Tuesday, February 9, 2010

UA-NT-10 Essay on Matthew 8-10

Jesus ends his sermon on the mount and descends into real life. The people he meets are suffering or aware of suffering. Jesus is not the detached lecturer on spiritual matters. He is willing to heal the leper. He does speak an authoritative, healing word for the centurion’s servant. He overthrows the power of demons, heals the paralyzed, blind and mute. When confronted with a woman suffering for years in blood, the One who helped form, not only the male body, but also the female body, heals her. He walks into the presence of death, pronounces death as harmless as sleep and wakes the little girl. Jesus is not only Lord over sickness, demons and death; he is Lord over creation, who can speak a storm into serenity. Jesus is the one who takes up our infirmities and carries our diseases.

This Jesus acts in the power of the kingdom of heaven. He also invites people to follow him by the authority of the rule of heaven. He asks people to think less about their homes and their pillows than they think of following him. He calls Matthew from his tax collecting because Jesus loves to call and save sinners like Matthew. These folks who decide to follow Jesus get to think with Jesus about the harvest of souls, reaching out to those who are “harassed and helpless, like sheep without a shepherd.”

Chapter 10 is the second discourse of Jesus in Matthew. There are five discourses. Some think there are five because Moses has five books in the Old Testament, and Jesus is the New Moses offering his five books. Matthew 10 contains the marching orders for the twelve apostles as they go out to do ministry in the name of Jesus in the power of the kingdom. It is amazing that Jesus is willing to share his message and his power with ones who don’t exactly know who he is. They are given authority over disease and demons. They are told what to do when people like them and when they don’t. They are told the Spirit of the Father will speak through them in times of trial.

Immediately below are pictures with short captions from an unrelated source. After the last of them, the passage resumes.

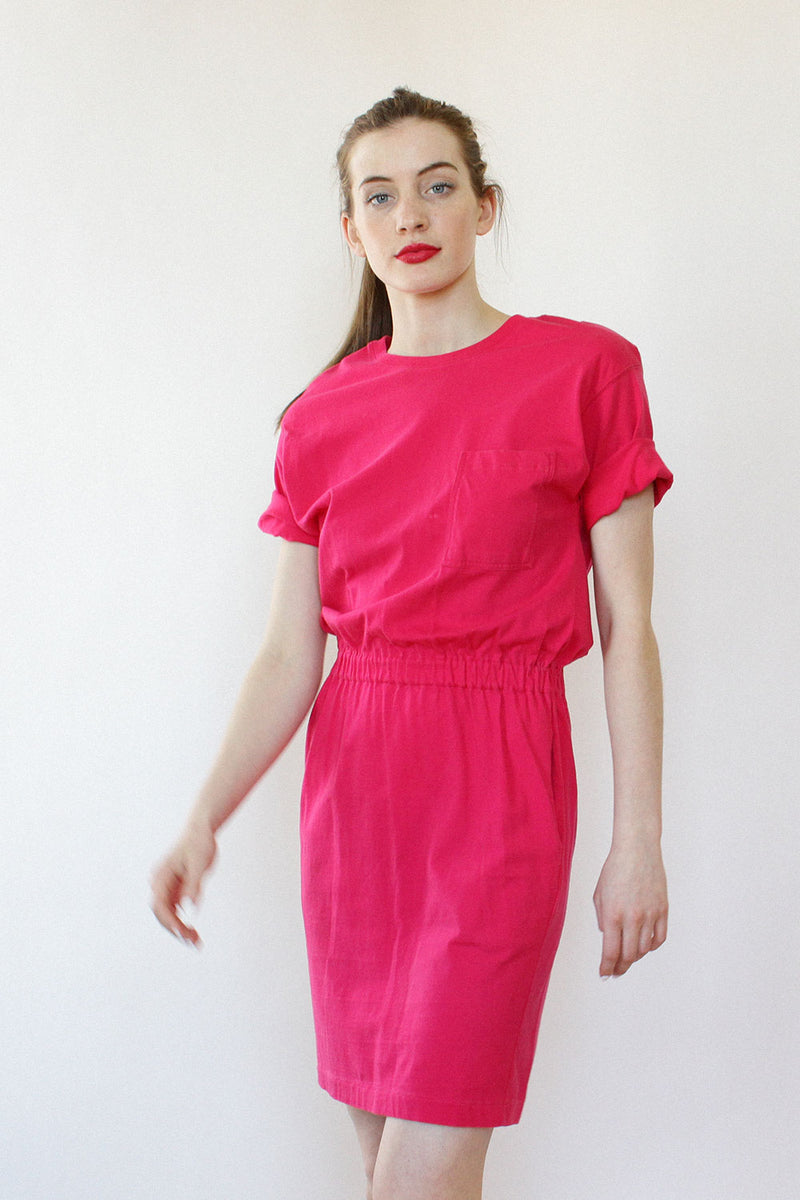 Hot Pink T-Shirt Dress XS/S – OMNIA Hot Pink T-Shirt Dress XS/S – OMNIA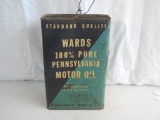 Wards 5 Quarts Motor Oil Can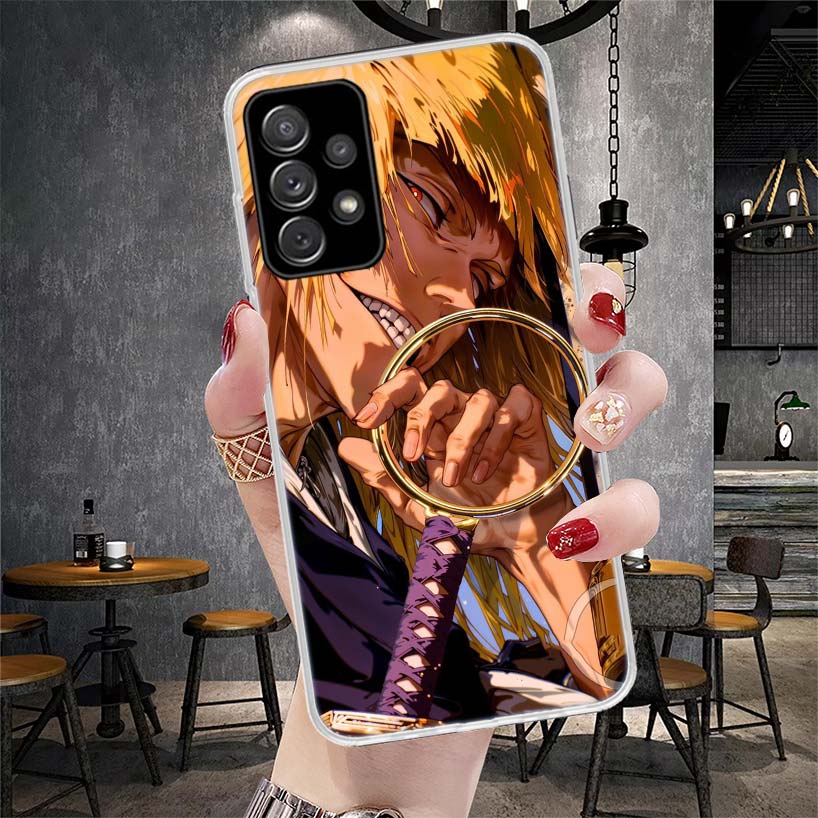 Bleach Shinji Hirako Soft Phone Case For Samsung Galaxy A12 A22 A32 A52 A72 A02S A51 A50S A71 A70 A31 A20S Note 20 Ultra S10 A10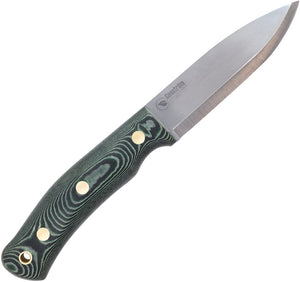 Casstrom No.10 Forest Green & Black Micarta Sleipner Fixed Blade Knife w/ Sheath 14103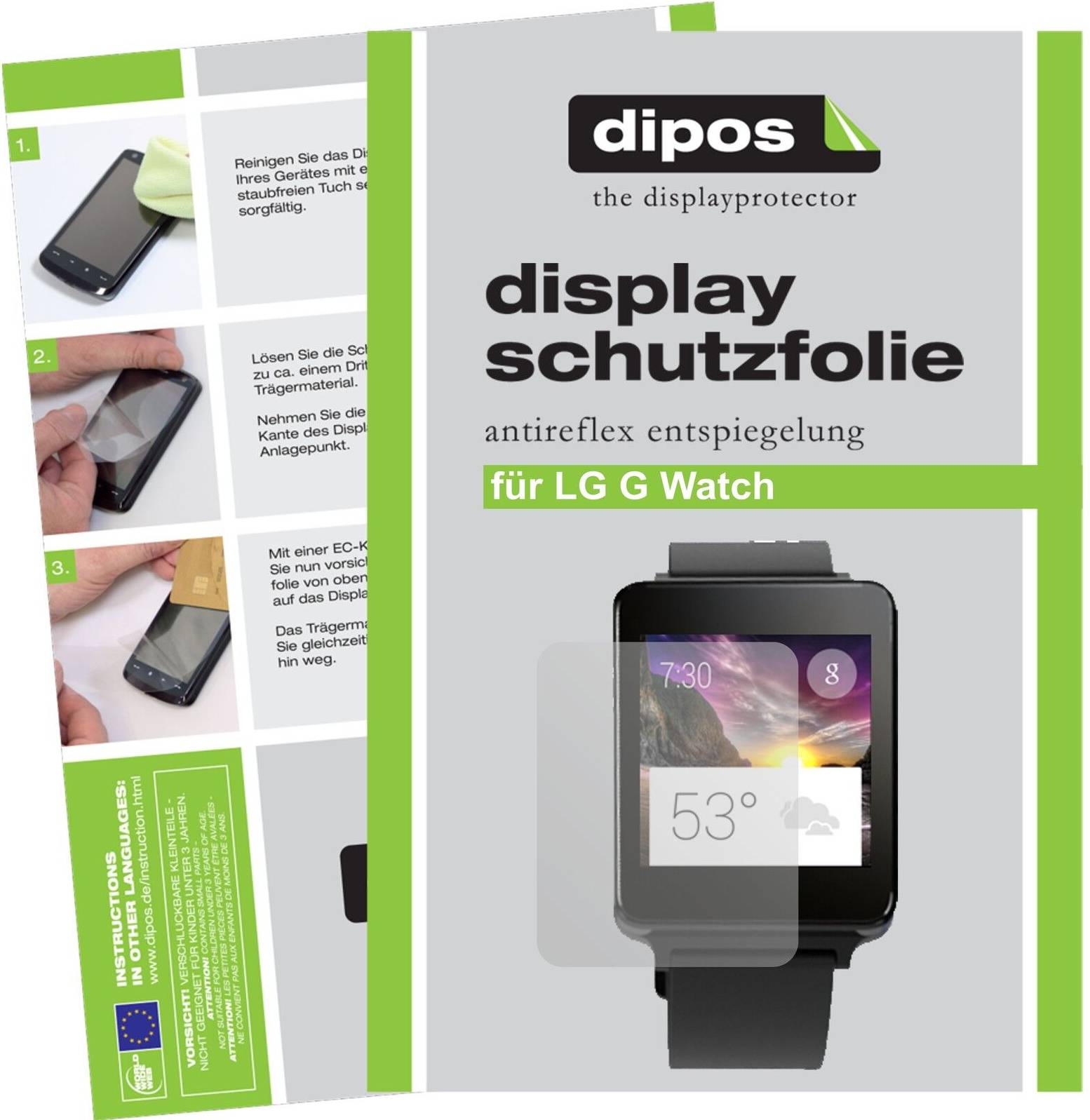 Dipos 6x Screen Protector LG Watch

The feeling we get at the end of this second discourse is that following Jesus can be hard, dangerous, risky and more. Of the twelve called to be apostles, only John died of natural causes. This chapter is like the drug side effect disclosure statements we read and hear—the truth about what could actual happen if we follow Jesus. The good news is that Jesus says, “Whoever acknowledges me before men, I will also acknowledge him before my Father in heaven.”

By now in our reading, we are seeing Jesus in all his power and glory. His teaching and his actions are consistent with his coming as God with us.